Reputation: 98
I need to build a regex that match words with these patterns:
Letters and numbers:
A35, 35A, B503X, 1ABC5
Letters and numbers separated by "-", "/", "\":
AB-10, 10-AB, A10-BA, BA-A10, etc...
I wrote this regex for it:
\b[A-Za-z]+(?=[(?<!\-|\\|\/)\d]+)[(?<!\-|\\|\/)\w]+\b|\b[0-9]+(?=[(?<!\-|\\|\/)A-Za-z]+)[(?<!\-|\\|\/)\w]+\b
It works partially, but it's match only letters or only numbers separated by symbols. Example:
10-10, open-office, etc.
And I don't wanna this matches.
I guess that my regex is very repetitive and somewhat ugly.
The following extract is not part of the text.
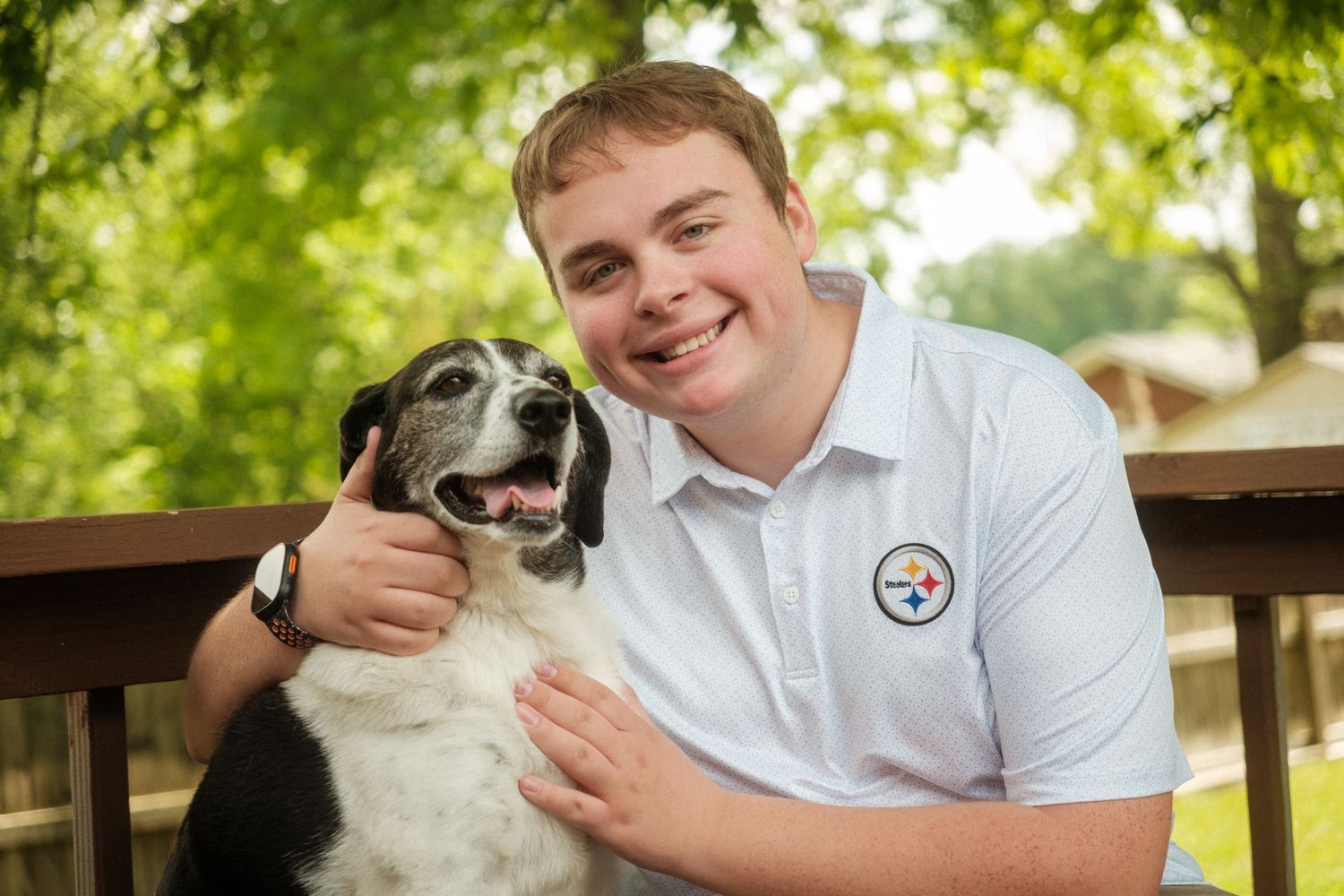 Smiling young man in Steelers shirt hugging a black and white dog on an outdoor deck surrounded by trees.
But it's what I have for now.
Could anyone help me?
I'm using java/groovy.
Thanks in advance.
Upvotes: 2
Views: 7706
Reputation: 27585
Excuse me to write my solution in Python, I don't know enough Java to write in Java.
pat = re.compile('(?=(?:([A-Z])|[0-9])' ## This part verifies that
'[^ ]*' ## there are at least one
'(?(1)\d|[A-Z]))' ## letter and one digit.
'('
'(?:(?<=[ ,])[A-Z0-9]|\A[A-Z0-9])' # start of second group
'[A-Z0-9-/\\\\]*'
'[A-Z0-9](?= |\Z|,)' # end of second group
')',
re.IGNORECASE) # this group 2 catches the string
.
My solution catches the desired string in the second group: ((?:(?<={ ,])[A-Z0-9]|\A[A-Z0-9])[A-Z0-9-/\\\\]*[A-Z0-9](?= |\Z|,))
.
The part before it verifies that one letter at least and one digit at least are present in the catched string:
(?(1)\d|[A-Z])
is a conditional regex that means "if group(1) catched something, then there must be a digit here, otherwise there must be a letter"
The group(1) is ([A-Z])
in (?=(?:([A-Z])|[0-9])
(?:([A-Z])|[0-9])
is a non-capturing group that matches a letter (catched) OR a digit, so when it matches a letter, the group(1) isn't empty
.
The flag re.IGNORECASE allows to treat strings with upper or lower cased letters.
.
In the second group, I am obliged to write (?:(?<=[ ,])[A-Z0-9]|\A[A-Z0-9])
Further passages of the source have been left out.